• Captioned web image data:
━━━━━━━━
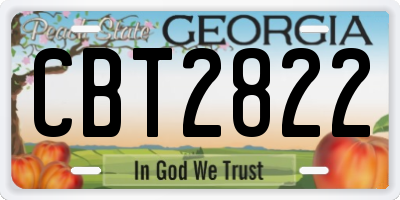 GA license plate CBT2822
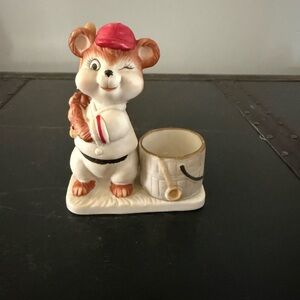 1979 Jasco Luvkin Critters Ceramic Bear Playing Baseball Candle Holder White Red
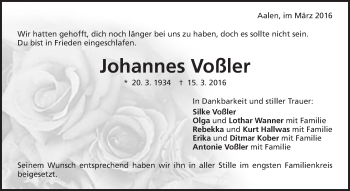 Traueranzeige von Johannes Voßler von Schwäbische Post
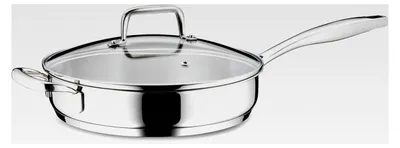 Produktbild von Schmorpfanne aus Edelstahl 24 cm mit hohem Rand, 1,6L, Induktion, mit Deckel und Dampfauslassventil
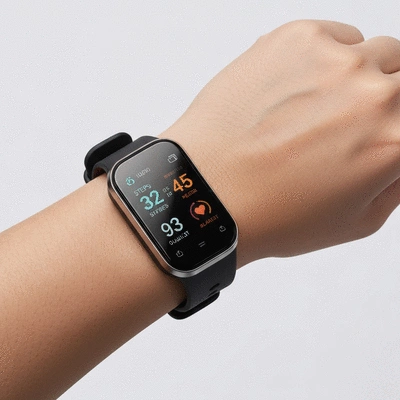 Person using a fitness tracker to monitor health metrics, clean image, no text, no words, no typography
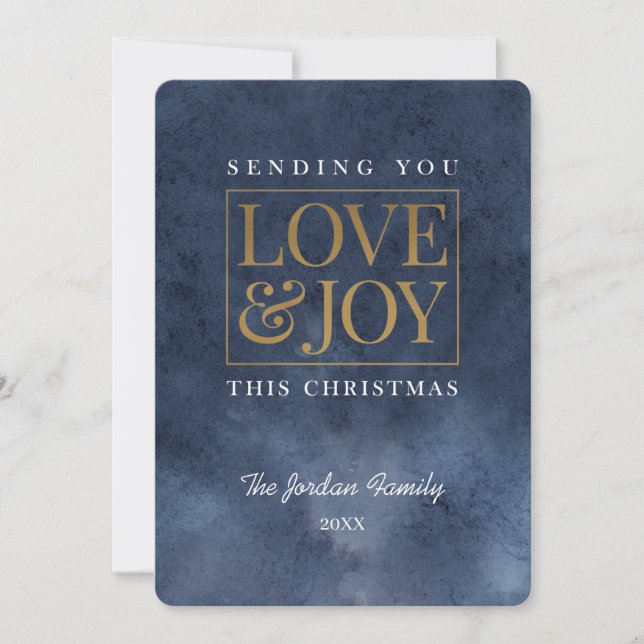 Cartão De Festividades Amor e Joy Sapphire Emerald (Frente)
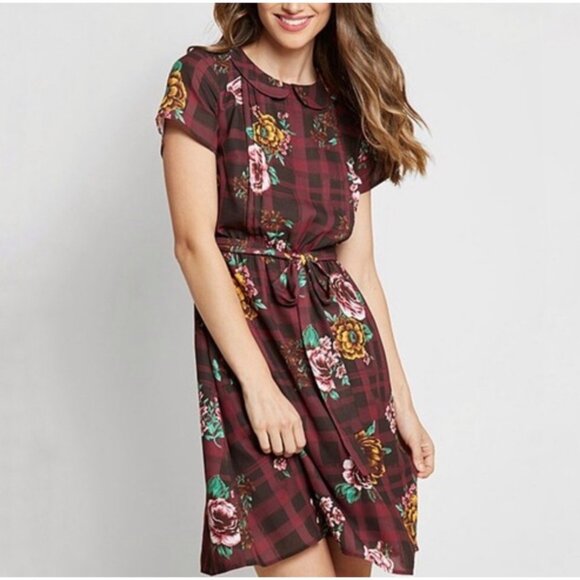 ModCloth Joyful Poise Short Sleeve Floral Plaid Belted Dress in Women's 2X - Picture 1 of 11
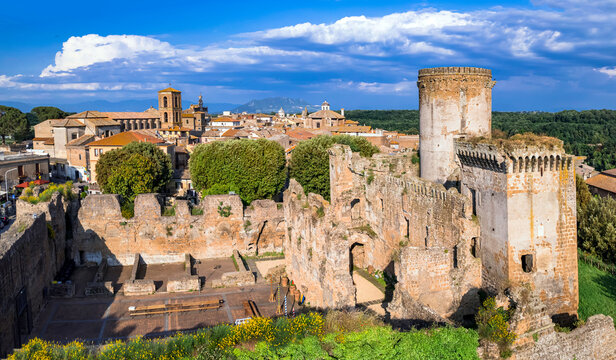 Italy travel and landmarks. Famous historic Etruscan city Nepi in Tuscia, Viterbo province. Popular tourist destination and attration. Aerial drone view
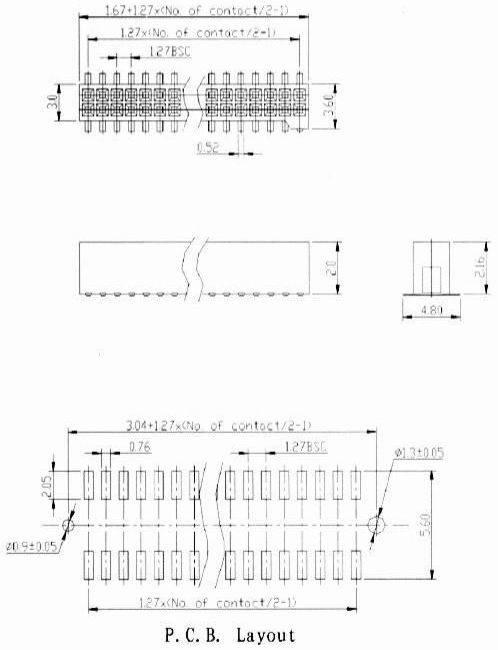 Female header box smt type Connectors Product Outline Dimensions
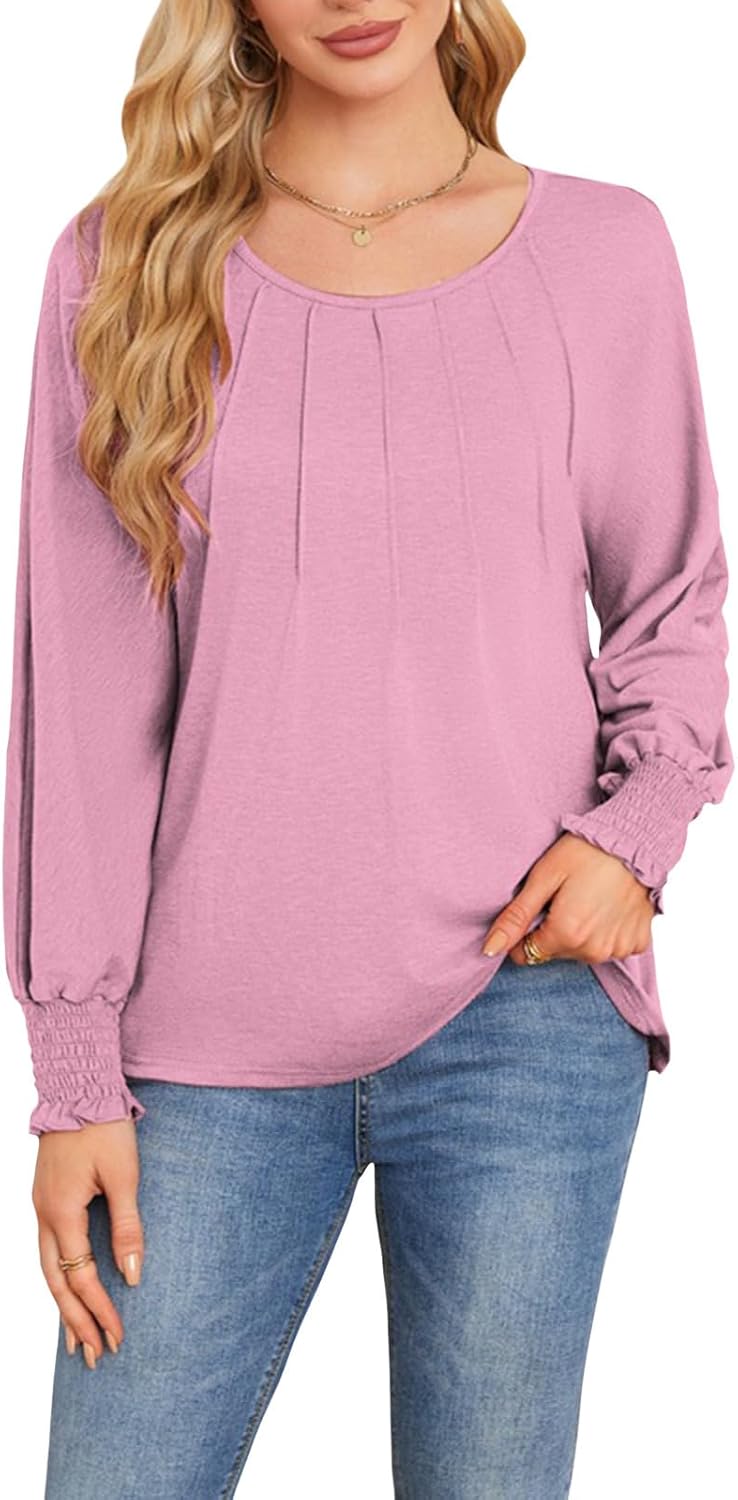 Befox Women's Pleated Tops, Crewneck Long Sleeve Blouse Tunic T-Shirt 2026 Spring Fall Trendy Casual Loose Pleated Shirts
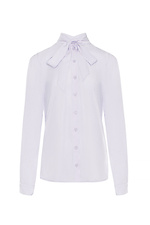 Классическая женская рубашка CORA белого цвета с бантом - поясом Garne 3042022 фото №11
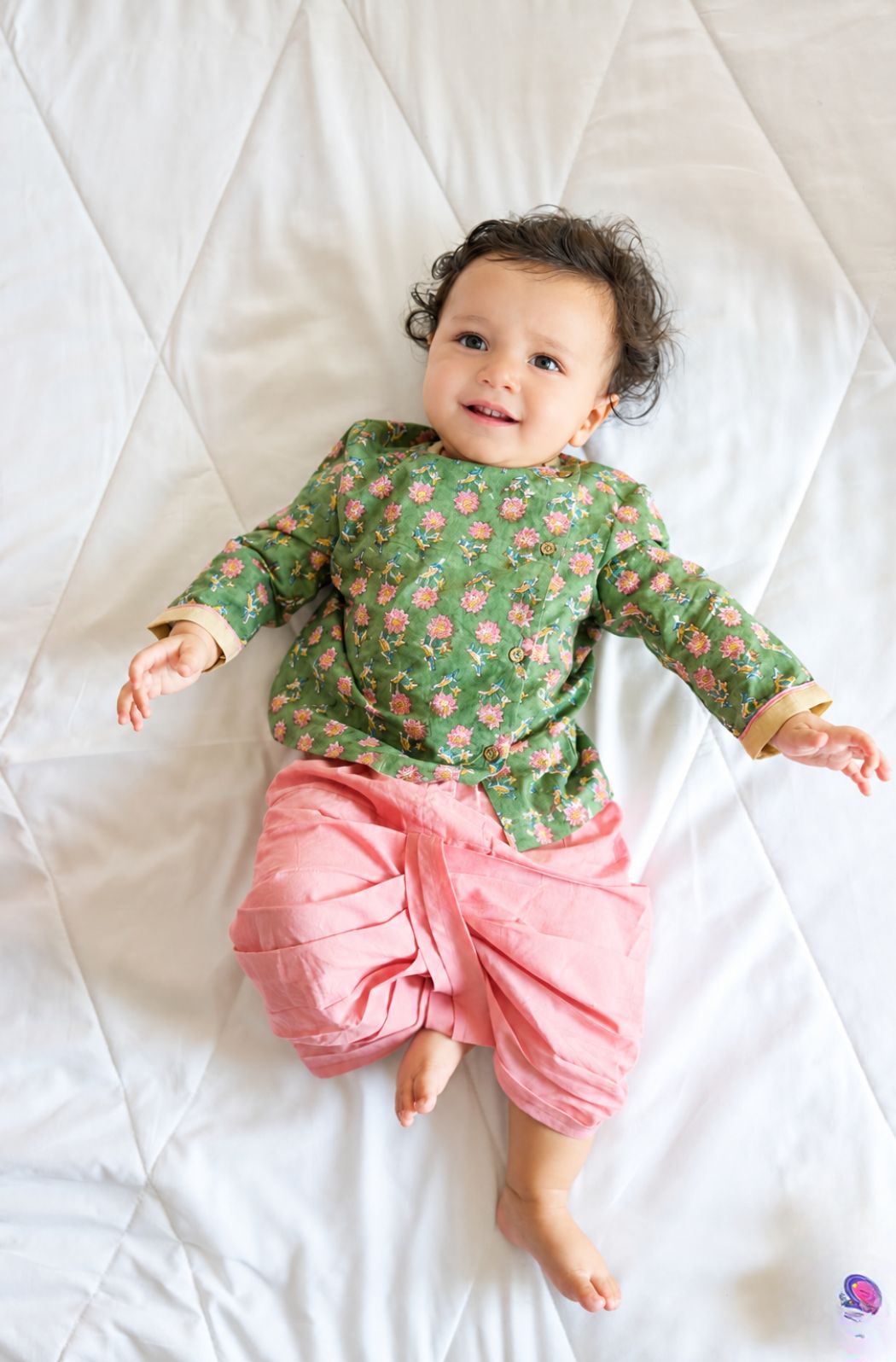Tiber Taber Baby Boys Green and Pink Cotton Floral Printed Kurta and Dhoti Pant Set Regular Fit Festive Wear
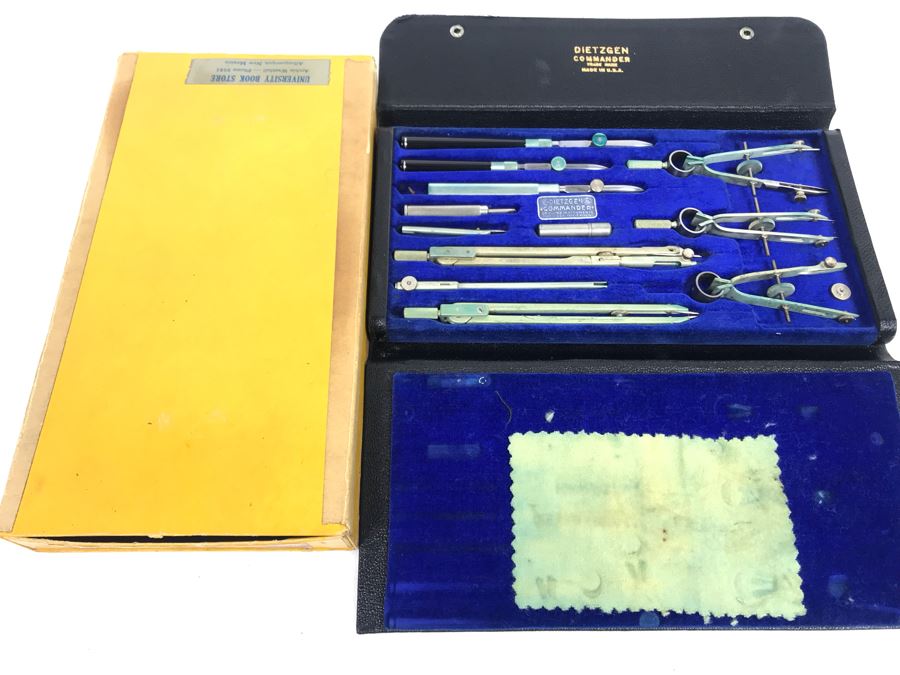 Dietzgen Drawing Instruments Drafting Tools Commander 1157C Set In Box [Photo 1]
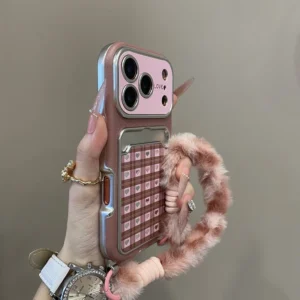 Chic Plaid Heart Silver Mirror Case for iPhone 17 Pro Max 16 15 14 Pro 13 Card Holder Cartoon Phone Case With Fur Lanyard
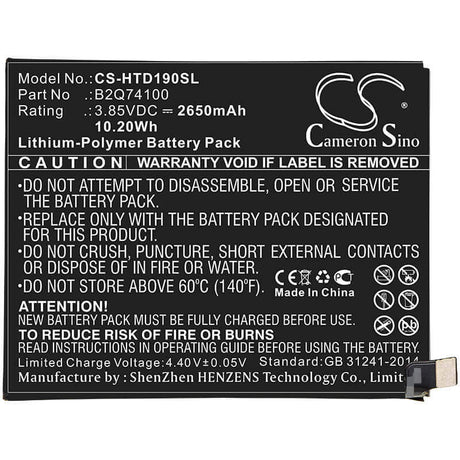 3.85V, Li-Polymer, 2650mAh, SmartPhone battery fits Htc, B2q74100, Desire 19s, 10.2Wh Mobile, SmartPhone Cameron Sino Technology Limited (Smartphone)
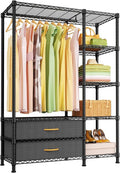 Ulif F3 Heavy Duty Clothes Rack（With Fabric Drawers）Freestanding Clothing Racks for Hanging Clothes，Adjustable Closet Organiz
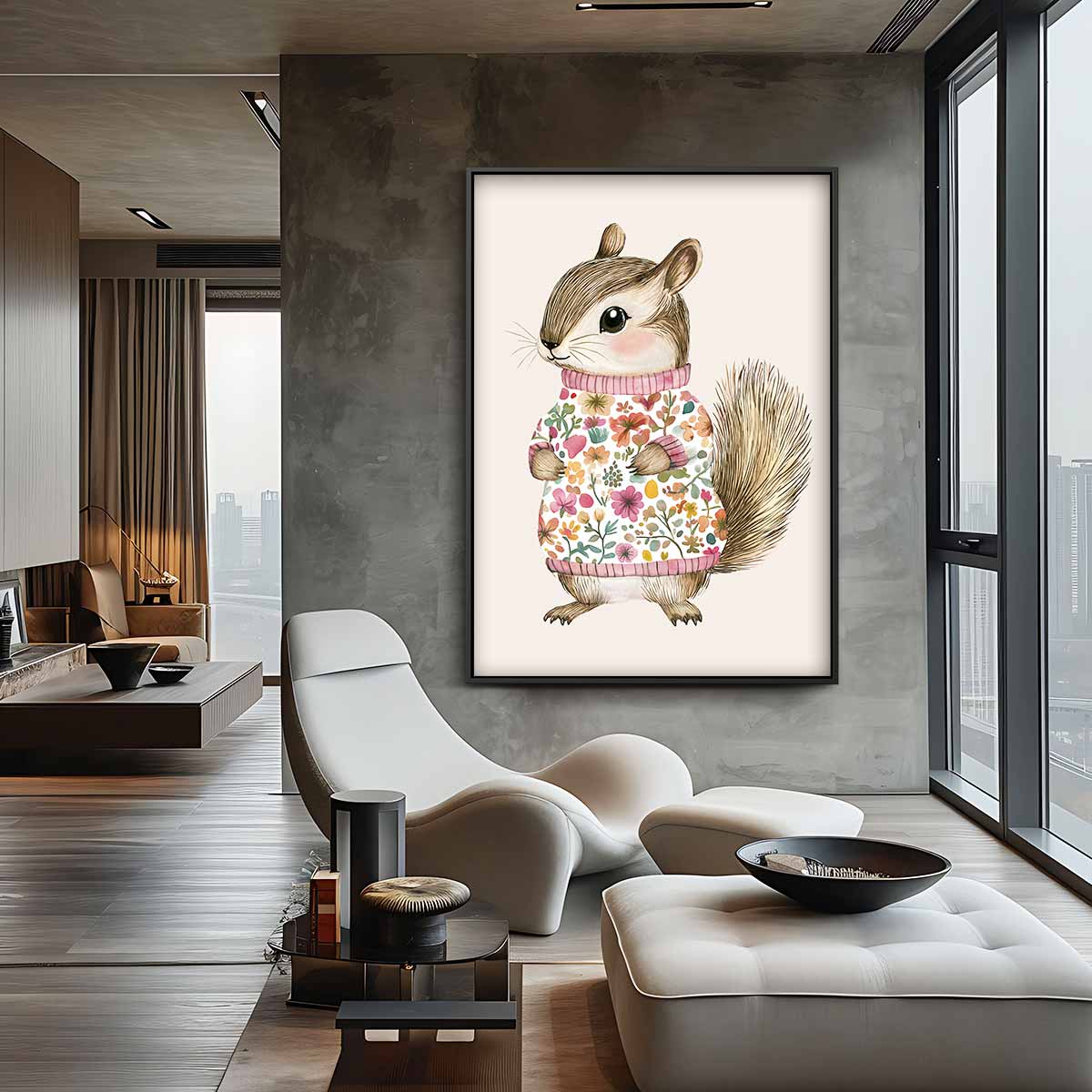 Bloemenegel in Trui Kunstwerk-canvas-dibond-plexiglas-wanddecoratie-WallArtistic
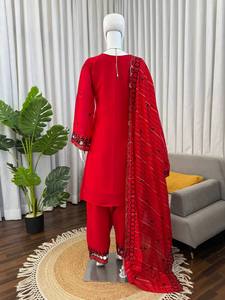 Red Embroidered <b>Silk</b> Salwar Kameez Set Black Lace Details Traditional Indian Pakistani Graduation Women Ankle-Length Dress - Product Image 2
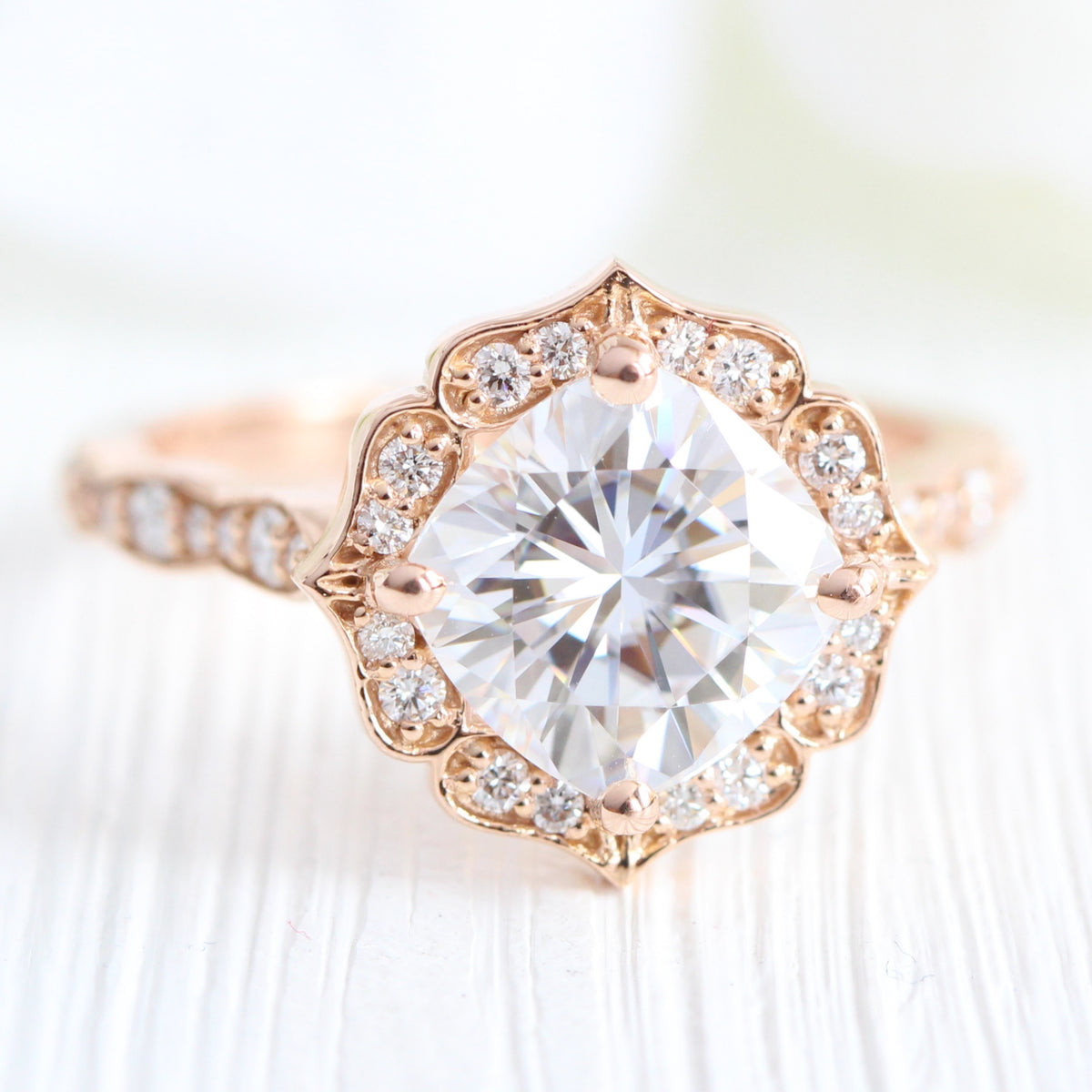 cushion moissanite engagement ring white gold vintage halo diamond ring la more design jewelry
━━━━━━━━
• The task:
Whatever pictures the records hold, omit them; give again exactly the lines from the one containing "Tiber Taber Baby" through the one containing "3.85V, Li-Polymer, 2650mAh, SmartPhone".

• Result below:
Tiber Taber Baby Boys Green and Pink Cotton Floral Printed Kurta and Dhoti Pant Set Regular Fit Festive Wear
 Dietzgen Drawing Instruments Drafting Tools Commander 1157C Set In Box [Photo 1]
 Chic Plaid Heart Silver Mirror Case for iPhone 17 Pro Max 16 15 14 Pro 13 Card Holder Cartoon Phone Case With Fur Lanyard
 3.85V, Li-Polymer, 2650mAh, SmartPhone battery fits Htc, B2q74100, Desire 19s, 10.2Wh Mobile, SmartPhone Cameron Sino Technology Limited (Smartphone)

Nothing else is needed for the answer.